Breakdown of the Coulomb-explosion imaging technique induced by the ultrafast rotation of fragments

Coulomb-explosion imaging is a broadly employed technique to reconstruct the geometry of molecules from the direct multibody breakups of its ions. However, we reveal that this technique fails for a large class of systems, such as (CO)(2)(3+) and ArCO3+, since the events of the "direct breakup channel" are not the real direct breakups but the rapid sequential breakups with a short-lived and ultrafast-rotational fragment. Using Ar-CO as a prototype, we have investigated theoretically its Coulomb-explosion process. We find that due to the interfield between the metastable CO2+ and Ar+, ArCO3+ changes from its initial T shape into the more stable linear shape within 100 fs; such a rotation of CO2+ is hundreds of times faster than the field free case.

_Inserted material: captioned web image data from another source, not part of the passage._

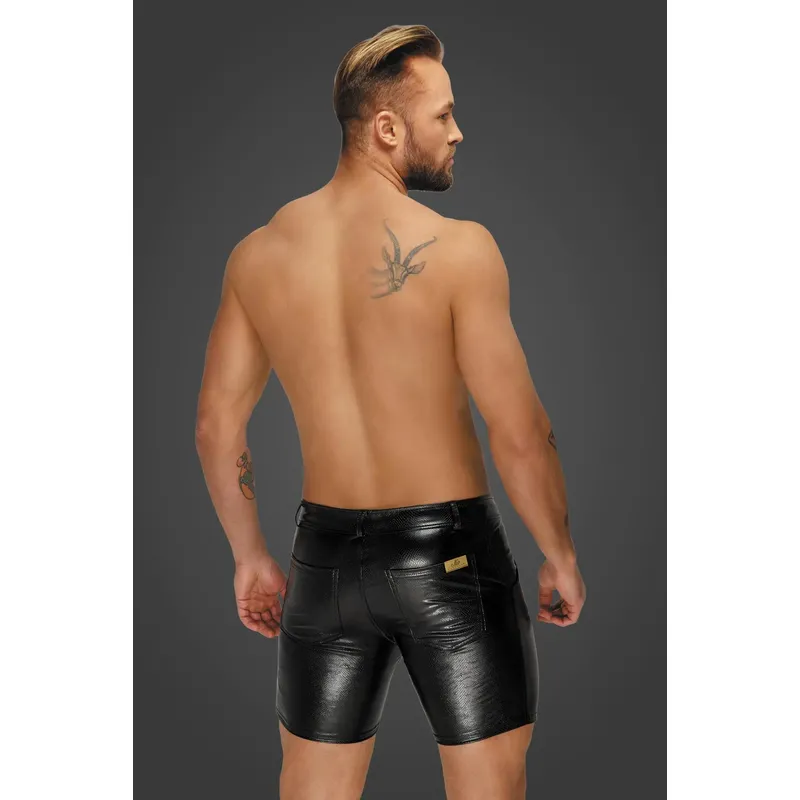 Snake wetlook Shorts H068 - 3XL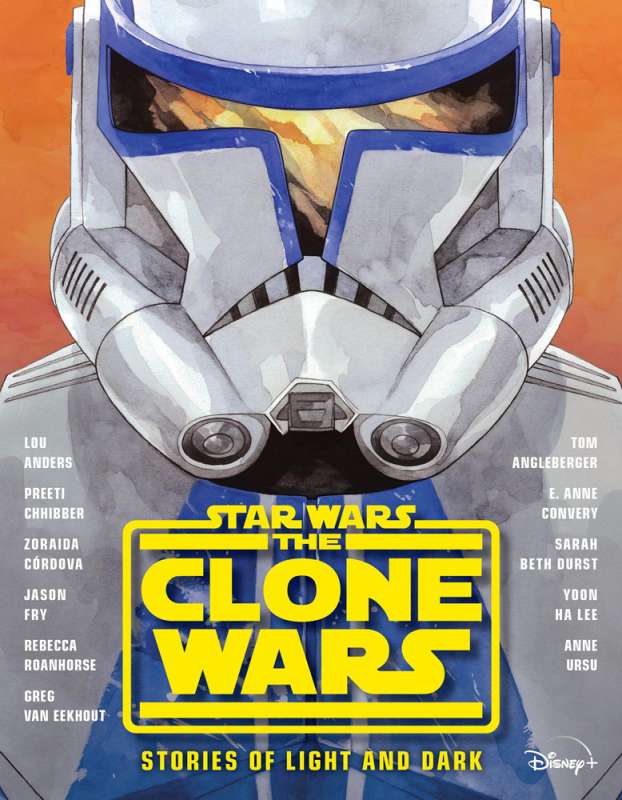 The Clone Wars: Stories of Light and Dark book cover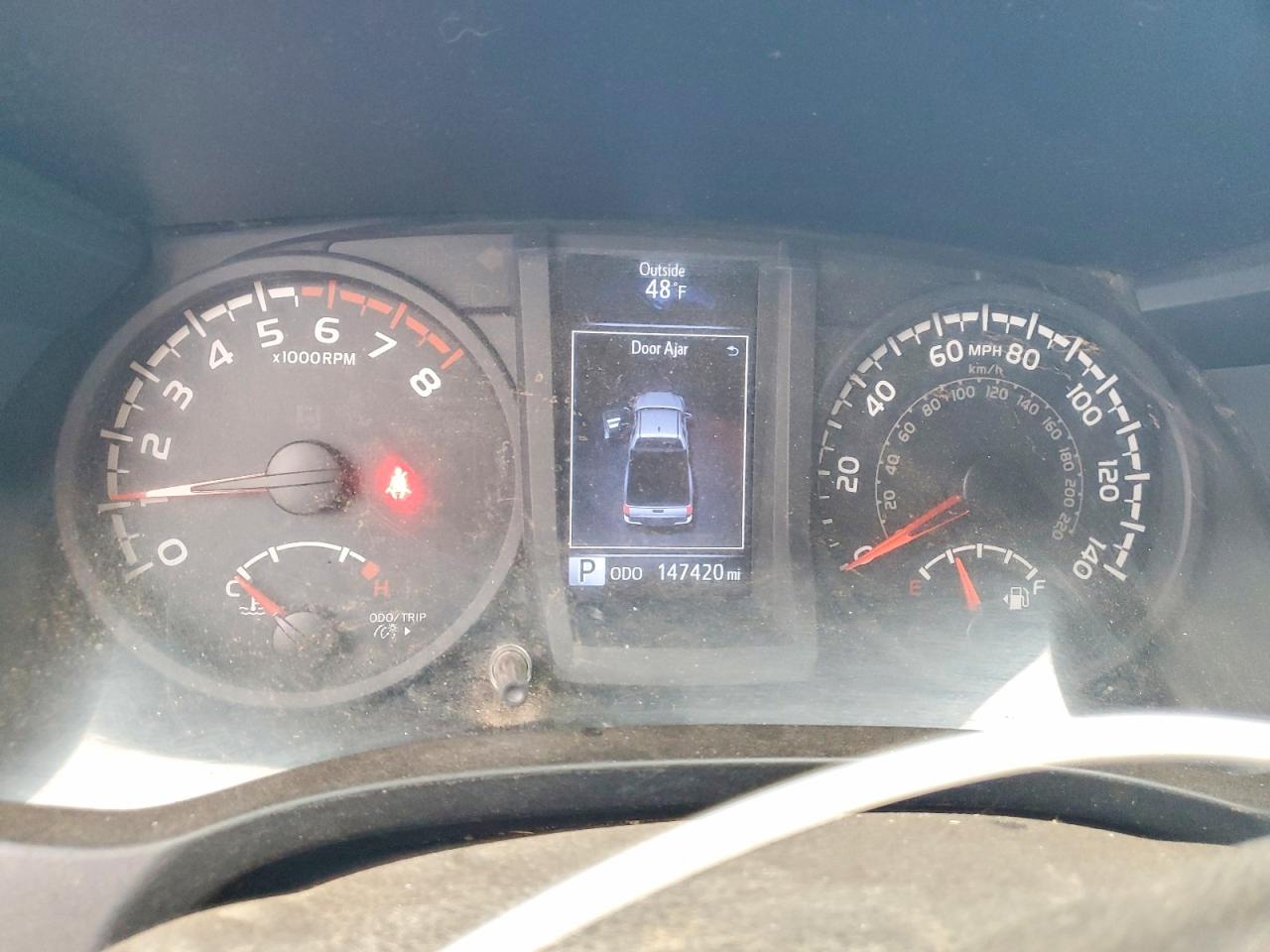 2019 Toyota Tacoma VIN 5TFRX5GN0KX155224 photo 9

Further, the advanced three-body surface hopping simulations indicate that the angle angle((Ar,CO)) has rotated from an initial 95 degrees to 110.6 degrees on average before the Coulomb explosion, which agrees well with the one (115 degrees) detected by Gong et al. [Phys. Rev. A 88, 013422 (2013)]. Furthermore, we point out that correct geometry of ArCO can be obtained from the three-body breakups with high kinetic-energy release (>20 eV).